Content-Transfer-Encoding: 7bit
X-Mailer: Microsoft Outlook 14.0
thread-index: AQDnHEYxNcL9Xb2UVJoRm1lbL/BkAQFoH3KRAV1ppa8CZ6BgXAIpbgj4AsMo47wDBdtyYwH7TrBAAdzt12qYMz+uIA==
Content-Language: en-us
Cc: hybi@ietf.org
Subject: Re: [hybi] Flow control quota
X-BeenThere: hybi@ietf.org
X-Mailman-Version: 2.1.12
Precedence: list
List-Id: Server-Initiated HTTP <hybi.ietf.org>
List-Unsubscribe: <https://www.ietf.org/mailman/options/hybi>, <mailto:hybi-request@ietf.org?subject=unsubscribe>
List-Archive: <http://www.ietf.org/mail-archive/web/hybi>
List-Post: <mailto:hybi@ietf.org>
List-Help: <mailto:hybi-request@ietf.org?subject=help>
List-Subscribe: <https://www.ietf.org/mailman/listinfo/hybi>, <mailto:hybi-request@ietf.org?subject=subscribe>
X-List-Received-Date: Thu, 07 Jun 2012 11:03:14 -0000

We have been trying to find some sort of workaround in order to avoid
enveloping the WebSocket frame within a mux frame. If mux was a separate
layer then a WebSocket frame would need to be enveloped within a mux frame
including the WebSocket frame header. This would resolve the unfragmentable
frame issue. But this would also mean that in most cases WebSocket would be
writing two headers per frame. Writing a frame header twice (once for mux
and once the actual frame header) would have a performance overhead. Note
that enveloping the frame would produce considerable bandwidth usage when
lots of small messages are being enveloped.

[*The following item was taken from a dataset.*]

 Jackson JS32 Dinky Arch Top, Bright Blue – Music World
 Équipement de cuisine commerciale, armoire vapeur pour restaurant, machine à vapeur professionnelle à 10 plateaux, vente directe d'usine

However the performance overhead of mux in such a case is not tested yet. We
can try to experiment with this design. A mux frame should be able to
include fragments or multiple WebSocket frames that belong to the same
channel. If the length of an enveloped frame is less that length of the mux
frame then the mux frame contains more than one enveloped frames. If the
number of bytes remaining in a mux frame is less than the length of the last
enveloped frame encountered, then the frame is fragmented and the remaining
bytes are expected to arrive in a subsequent mux frame of the same channel.

Going towards this direction is a big change from the original spec design,
so I wasn't even considering it. But if the group decides that it needs to
be evaluated, I can try working on this direction.

With best regards,
Arman


-----Original Message-----
From: Jamie Lokier [mailto:jamie@shareable.org] 
Sent: Thursday, June 07, 2012 5:23 AM
To: Arman Djusupov
Cc: 'Martin Sustrik'; hybi@ietf.org
Subject: Re: [hybi] Flow control quota

Hi everyone,

I haven't been following the hybi list for a while (it was too
depressing/exhausting), but I'm really pleased to see deadlock-free,
starvation-free mux is being taken more seriously now.  I guess SPDY's
helped with that.

The problem being described in this thread occurs because the layers aren't
really being kept separate.

If they are properly separated, everything works, and it's easier to
implement and even a bit faster on the network.

I see a lot of confusion about the role and purpose of "fragments".
Particularly the idea that where something produces fragments, those must
literally correspond with the wire protocol, despite having another
transformative layer before the wire.

Arman Djusupov wrote:
> According to the WebSocket specification extensions are layered and 
> should be applied in a specific order. In this particular case the mux 
> specification provides two ways of applying the per frame compression
> extension: compression can be applied either before or after the mux 
> extension. In the first case the frame being multiplexed is already 
> compressed and should not be fragmented.
                 ^^^^^^^^^^^^^^^^^^^^^^^^

Mux should be able to further fragment - in a way that compression does not
see.

> This allows intermediaries to de-multiplex frames without 
> decompressing them. In the second case the mux frame is compressed 
> along with the mux header, so it cannot be de-multiplexed unless it is 
> first decompressed. Supporting both options is beneficial.
> 
> In any case the problem preventing  unfragmentable frames from being 
> relayed over flow-controlled logical connections should be resolved. 
> The per frame compression is not the only case when it might be 
> impossible to fragment a frame. A mux intermediary should either be 
> able to control the size of the frame that the sending side produces or
should be able to fragment them.
                                          ^^^^^^^^^^^^^^^^^^^^^^^^^^^^^^^^

Imo, that's the only sensible answer.

Anything else leads to a spiral of hacks - see this thread for examples!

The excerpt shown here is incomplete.